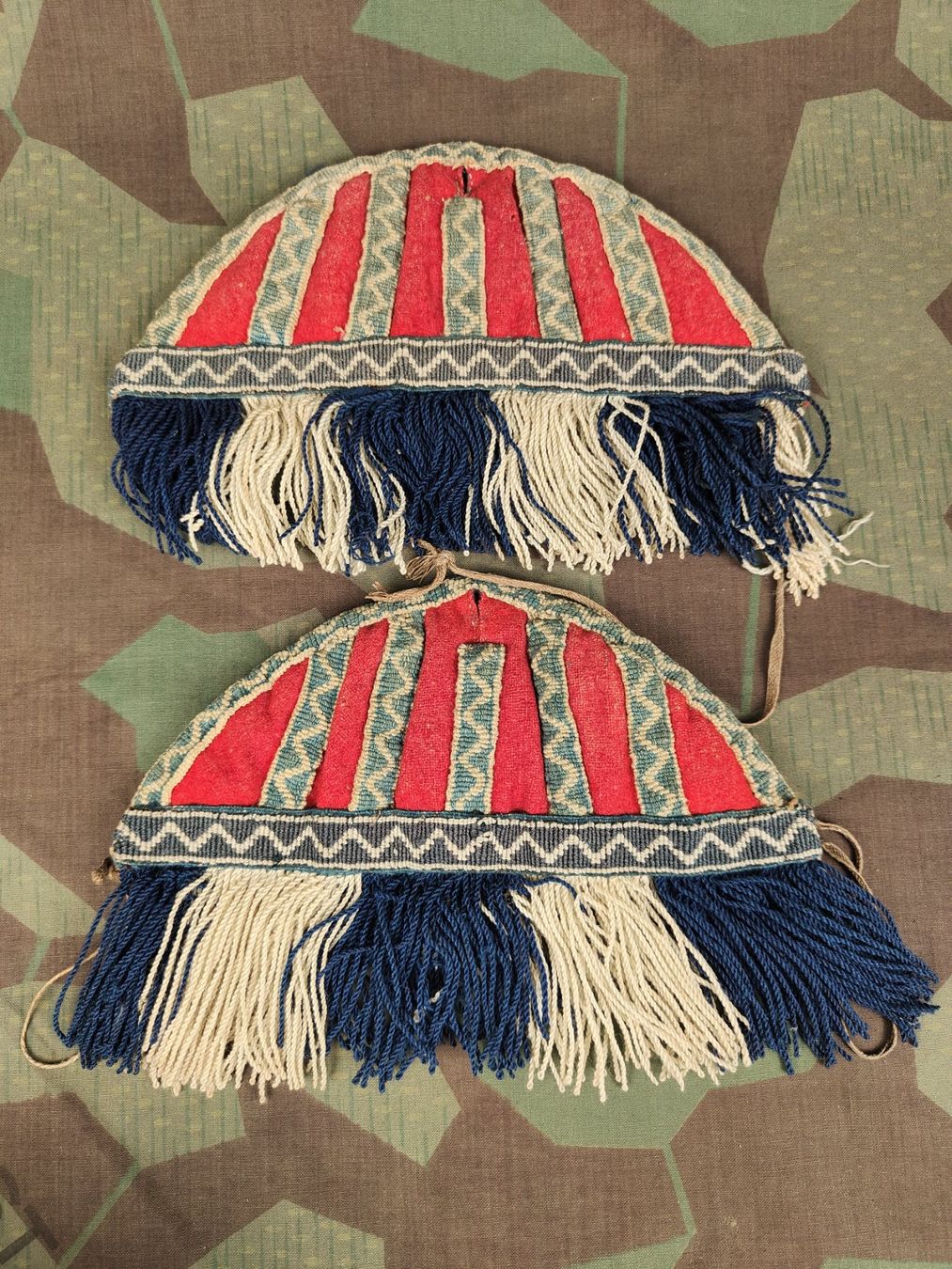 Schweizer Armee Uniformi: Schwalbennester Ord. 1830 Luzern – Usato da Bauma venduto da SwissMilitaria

---

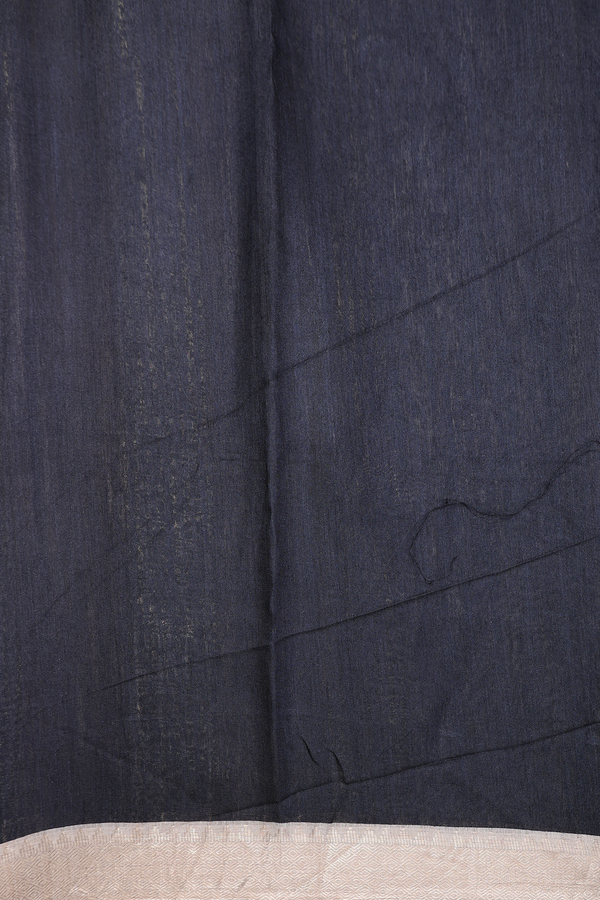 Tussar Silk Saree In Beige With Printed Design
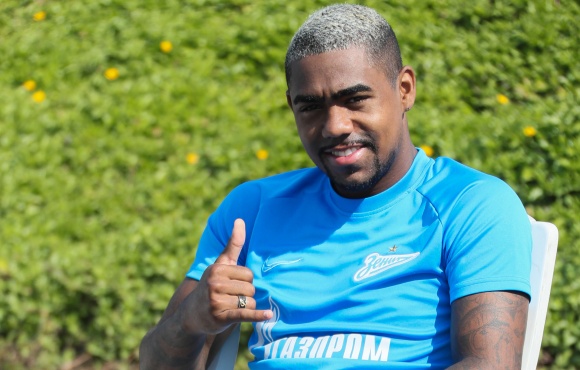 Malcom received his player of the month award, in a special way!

Your task: Working from the data above, repeat exactly, and only, the lines that begin at the line containing "Tussar Silk Saree" and stop after the line containing "Malcom received his"; pictures are not copied.

Response:
 Tussar Silk Saree In Beige With Printed Design
 Malcom received his player of the month award, in a special way!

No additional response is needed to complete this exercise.